Once we get these new patrons into the library, my next two sessions (split by a delightful lunch) were all about how we keep them. First, let me start by saying I want to spend my next birthday in Lafayette Library’s makerspace room. Lafayette does remarkable work with their Custom Embroidery machines, 3D printers, Laser Engravers, a Direct to Film Printer, and a Carvey Machine. While the kids wait to use the machines, they are encouraged to play board games, play a video game, or build toothbrush robots (I’m not even sure what that is and I want one). This place sounds more fun than Santa’s Workshop, and what a wonderful opportunity for patrons to learn, grow, and discover something they probably won’t have access to at home. By connecting with their patrons, offering these machines concurrently with family programs, and having bilingual staff and sign up forms the room stays busy and kids keep learning.
Going a step further was Jefferson County’s arts and crafts presentation.
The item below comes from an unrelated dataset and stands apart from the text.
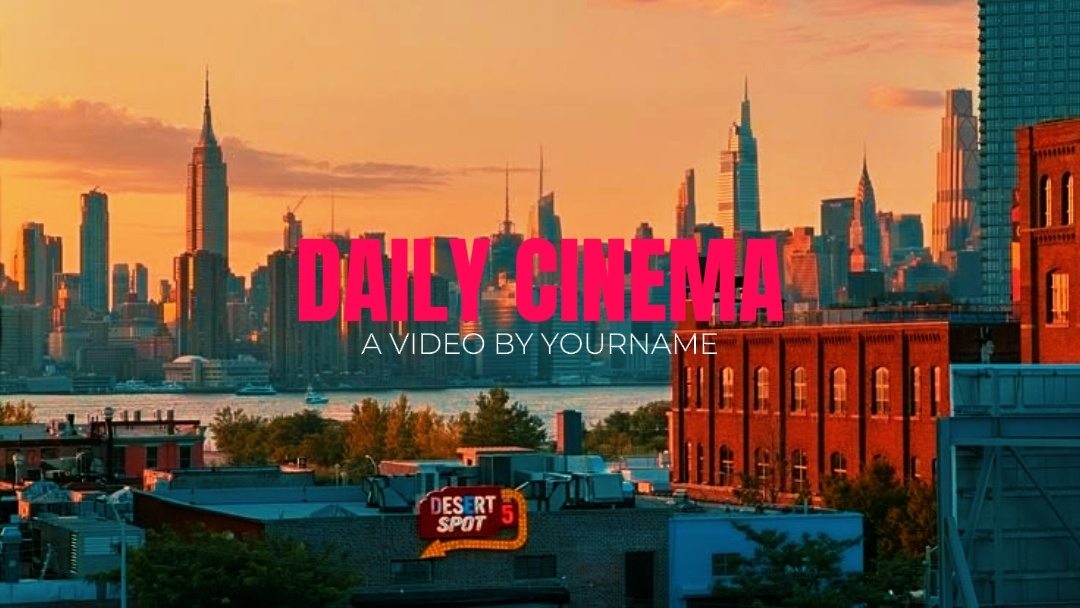 DAILY CINEMA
We can use arts and crafts time to teach about other cultures. This is a wonderful opportunity for our kids to share their culture, or for other kids to learn about a culture they probably haven’t had much exposure to. Understanding one another is the first step to acceptance and appreciating what everyone can bring to the table and share.
The only problem with the conference was that I found myself in a super minority. Longmont boasted a 35% Hispanic population, Lafayette claimed small town status at only 31,000 people, and Jefferson County had two staff members whose job was to create crafts for other staff members to hold programs. In fact, the front range was the only group I found represented. It seemed like half the attendees were from the Denver Public Library alone.
I represented the smallest town, only 3,500 people, quite possibly the largest split, nearly 50% Hispanic, and my entire staff force is two people. One of the speakers seemed to think she had traveled a great distance by going to Colfax . . . all of five miles away. I drove for three hours just to get there that morning.
I was encouraged when during the final session a representative from the Colorado State Library told the group that most libraries, and most Spanish speakers, are not on the front range. It seemed to surprise most attendees that Colorado does not begin and end at Denver’s borders.
These are small concerns compared to the vast wealth of information shared. REFORMA continues to grow, continues to advertise to smaller libraries, and it is up to us smaller library directors to prioritize these underserved populations and find the time to make these events.
I drove out of that parking lot and hit I-25 with the electricity no longer in the air, but in my head. The reds and golds of fall lost to the early evening of the sun dipping below those snow tipped mountains. I buzzed with all the ideas and plans with which I had gladly absconded; plans to find a way to get out from behind my table, plans to smile more, and be sincere with people. I thought of grants to pay for my own Makerspace room, and how I could start learning and teaching about cultures to help us all connect with each other a little better. My library’s future was suddenly just as bright as those DU students who had shared their home with us.
Colorado State Library has committed to fostering equitable opportunities for professional development and service among libraries of different sizes, locations, service area populations, and needs in the service of their communities. The purpose of the 2023 Travel and Conference Reimbursement for REFORMA Colorado’s “POP 2023: Partnerships, Outreach, and Programming” conference was to encourage attendees from areas outside of the Denver Metro and/or Front Range areas in which most library conferences and other in-person professional development opportunities are held.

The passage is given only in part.